A shift towards the production of higher-value goods around the world, presenting opportunities for forward thinking companies looking to expand, according to the latest
‘Commercial Banking Trade Forecast’
issued by HSBC. The report was produced for the banking group by Oxford Economics.
According to the report, rapid industrialisation and increasing wages, coupled with maturing consumer demand in many of the countries along the South-South corridor are driving different types of global trade growth and the HSBC/Oxford Economics forecast highlights how these trends are changing the types of goods imported, manufactured and subsequently exported.
As countries shift towards higher value sectors there are significant opportunities for companies to evolve and grow. The forecast reports for countries such as Vietnam and Bangladesh show a shift from basic commodities trading in sectors such as cereals or sugar, to become a refiner or producer of branded goods based on those raw materials. In many of the developed markets there is a shift towards increasingly specialised sectors such as chemicals and pharmaceutical products as companies seek opportunities for higher returns.

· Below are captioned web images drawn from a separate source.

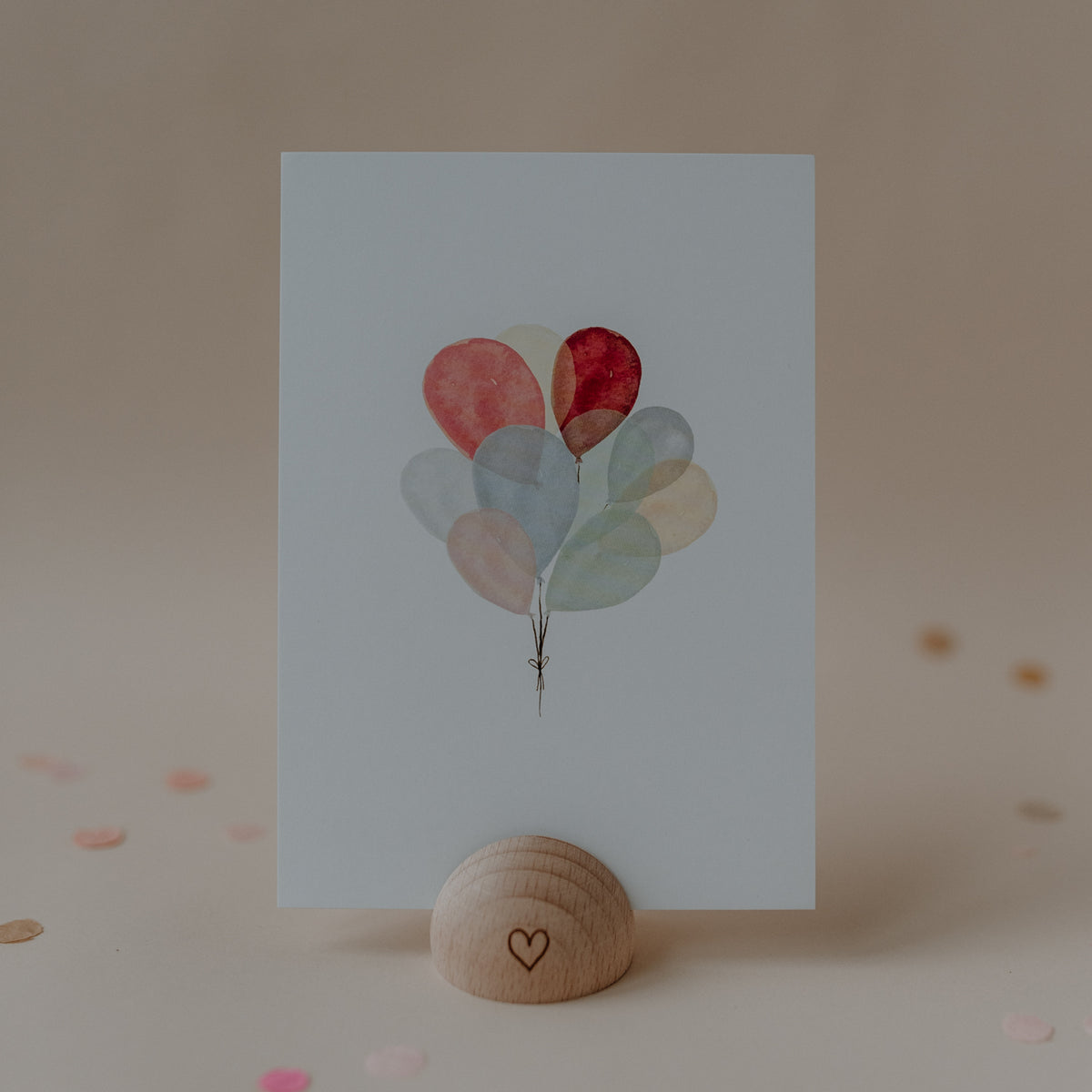 Eulenschnitt Aquarellkarte mit bunten Luftballons in zarten Pastellfarben, aufgestellt in einem Kartenhalter aus Holz.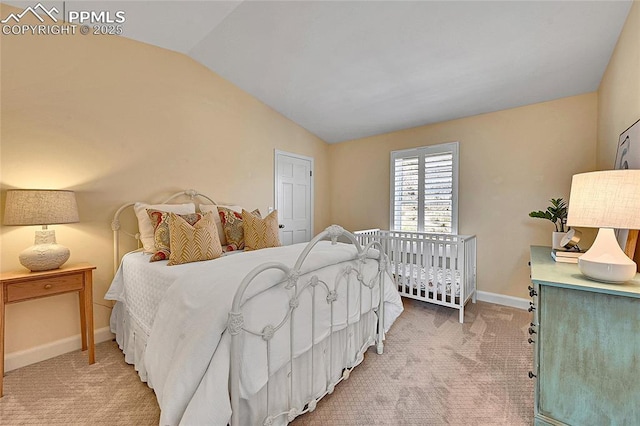 bedroom featuring light colored carpet, vaulted ceiling, and baseboards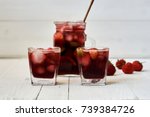 Refreshing sangria or punch with fruits in glasses and pitcher.  Traditional summer drink beverage. Red wine, strawberries, oranges, lemon, and green apple. On a wooden rustic table with copy space.
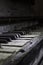 Dusty old piano with broken keys, close up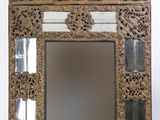 un vieux miroir avec un cadre en bois orné d'un motif floral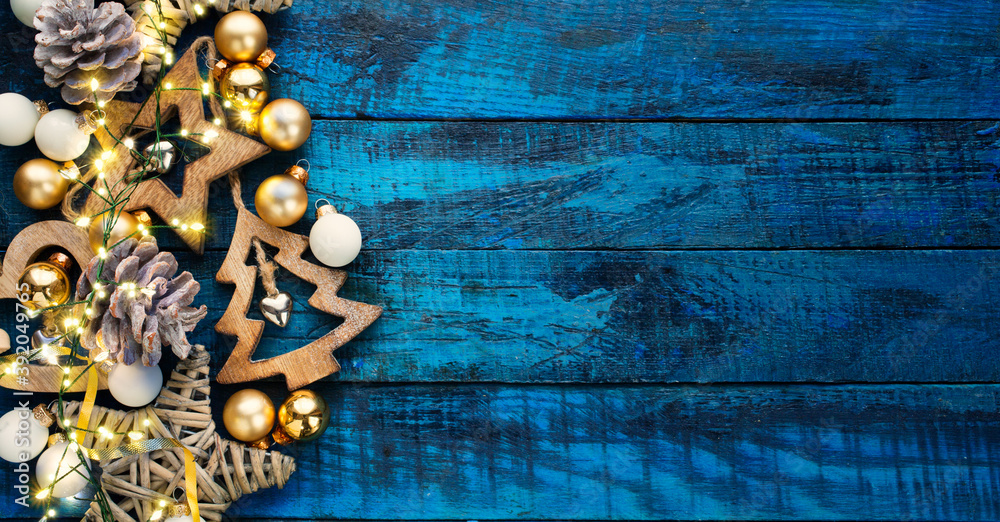 A Christmas wooden natural decoration ornament; wide horizontal banner background with copyspace A Christmas wooden natural decoration ornament; wide horizontal banner background with copyspace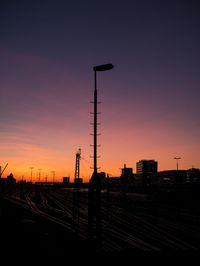 Silhouette of railroad tracks against sky during sunset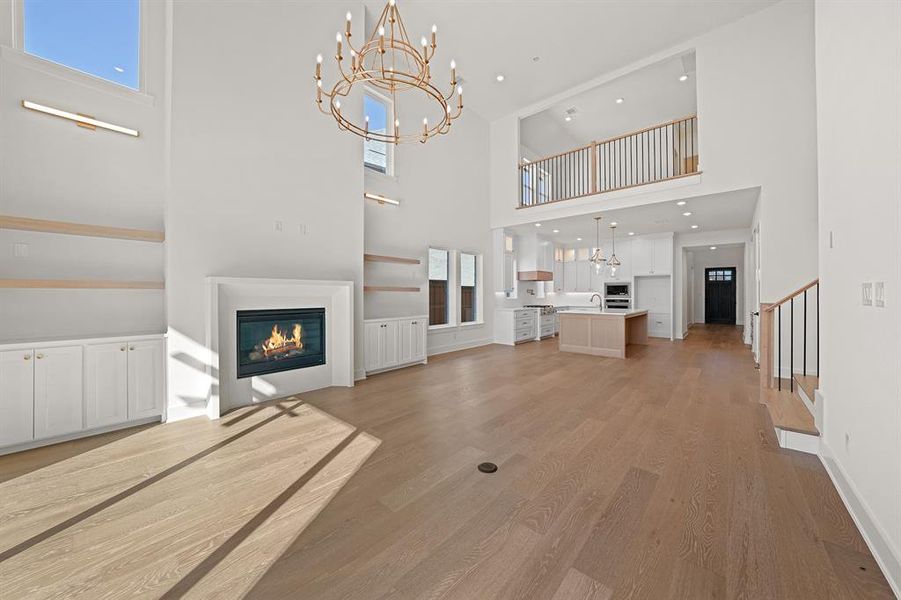 Unfurnished living room featuring a glass covered fireplace, light wood-style floors, a chandelier, a high ceiling, and recessed lighting Unfurnished living room featuring a glass covered fireplace, light wood-style floors, a chandelier, a high ceiling, and recessed lighting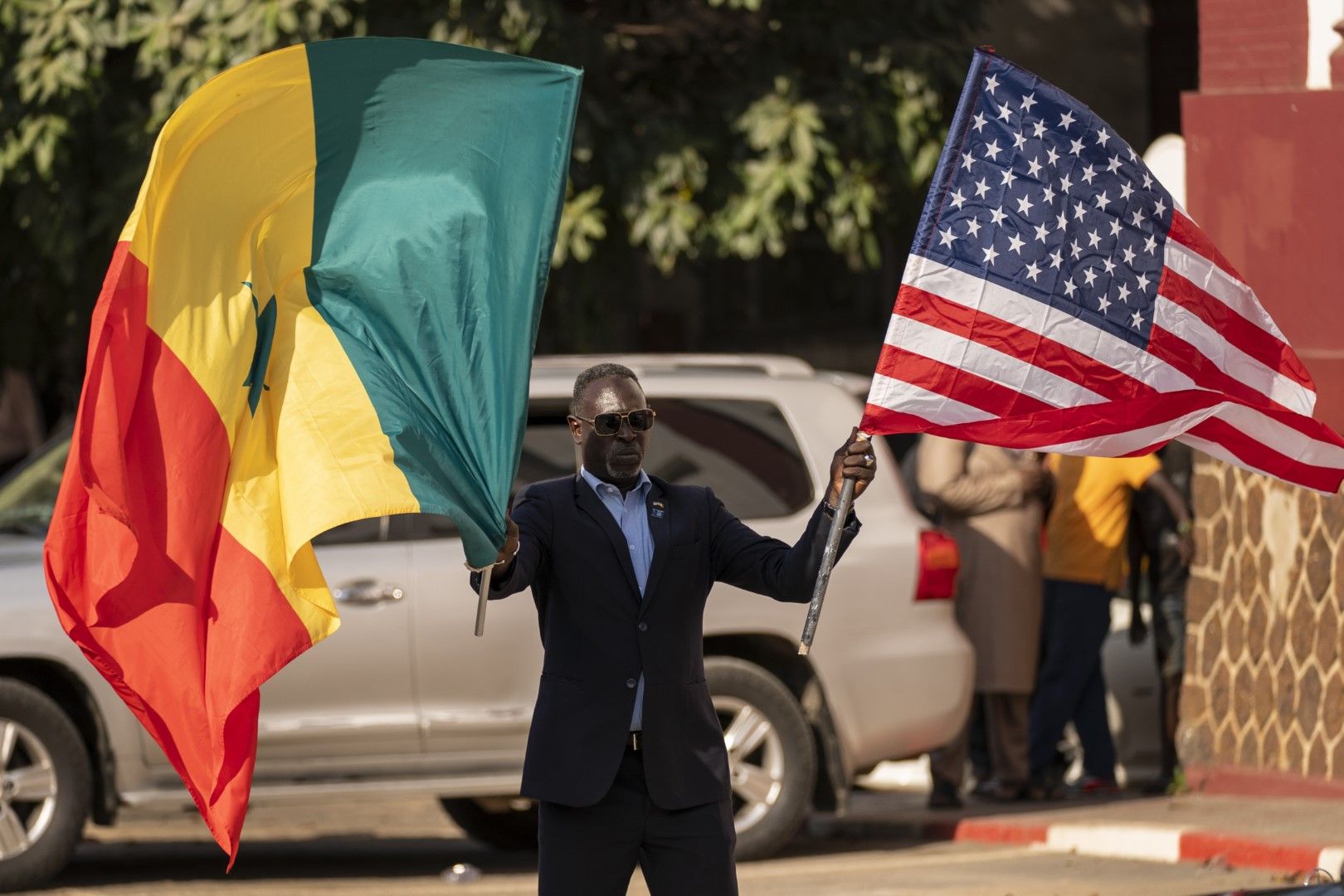 Мъж държи сенегалското и американското знаме по време на посещението на държавния секретар Антъни Блинкън в Дакар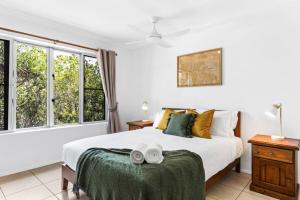 1 dormitorio con 1 cama blanca grande y ventanas en Twin Waters Seaside Resort Life, en Twin Waters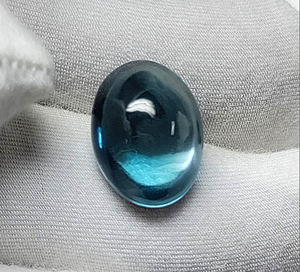 Attractive London Blue Topaz 11x9mm - 12x10mm พลอยรูปไข่สีน้ำเงินเข้ม Topaz Cabochon จากเหมืองบราซิล - Product Image 6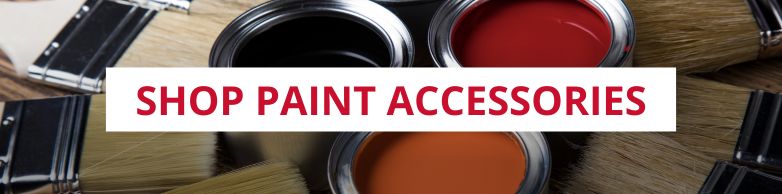 three cans of paint with paint brushes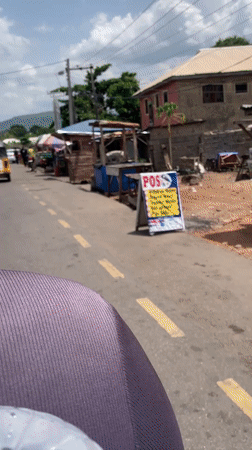 Street scenes captured along Lokoja roads during midday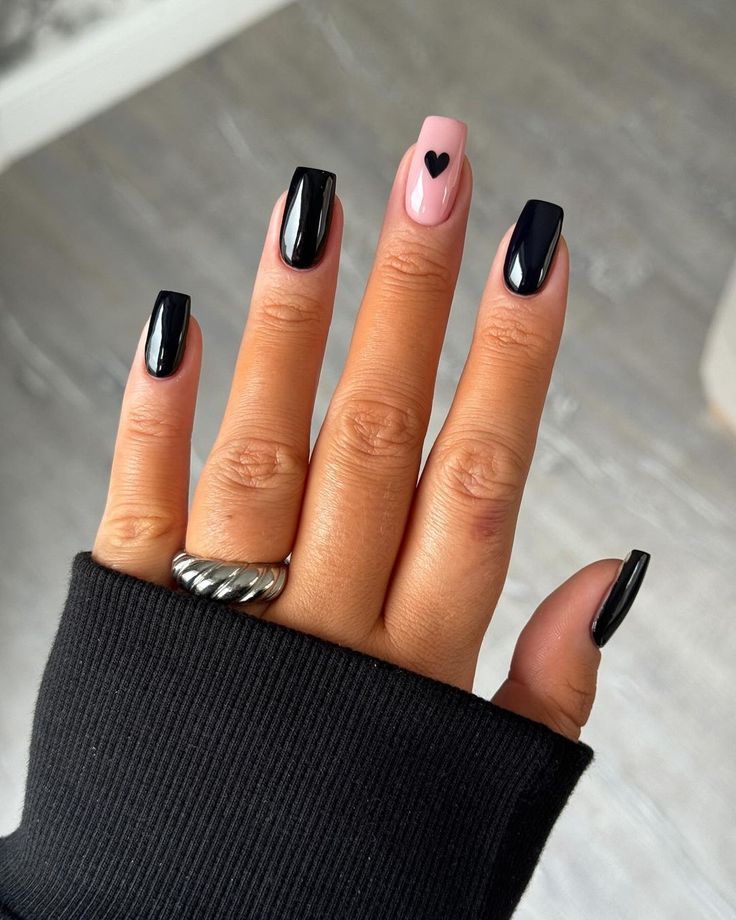 Elegant Chic Nail Design: Glossy Black and Soft Pink with Playful Heart Accent.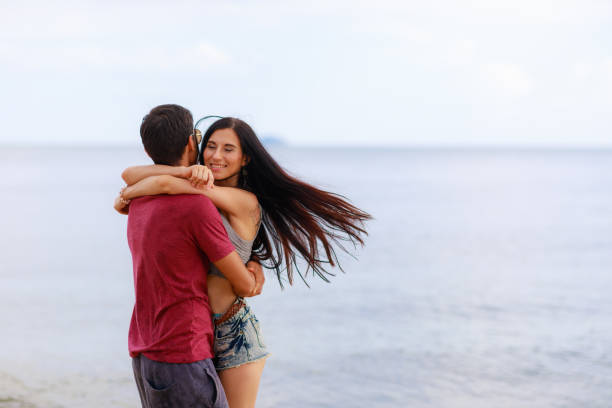 istock Happy young couple having fun at the beach . 1288979709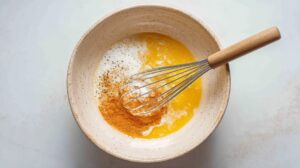 A mixing bowl with whisked eggs, milk, and seasonings being combined with a wire whisk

This shift towards the production of higher value goods is particularly evident in Asia, with a clear pattern emerging as Chinese export growth in information and communications technology and industrial machinery gathers pace. This balances a declining rate of growth in sectors such as textiles, giving rise to opportunities for companies in the smaller, faster growing countries around the region to win contracts to produce these more basic goods.
“Emerging markets are developing at a phenomenal pace and are set to reshape world trade patterns over the next 20 years,” said James Emmett, HSBC’s global head of trade and receivables finance. “By expanding their operations in to new, higher value sectors, they are driving more developed nations to specialise and diversify to compete. Understanding which sectors are growing in which markets, delivers huge opportunities for businesses as they plan for the future and aim to capitalise on these trends.”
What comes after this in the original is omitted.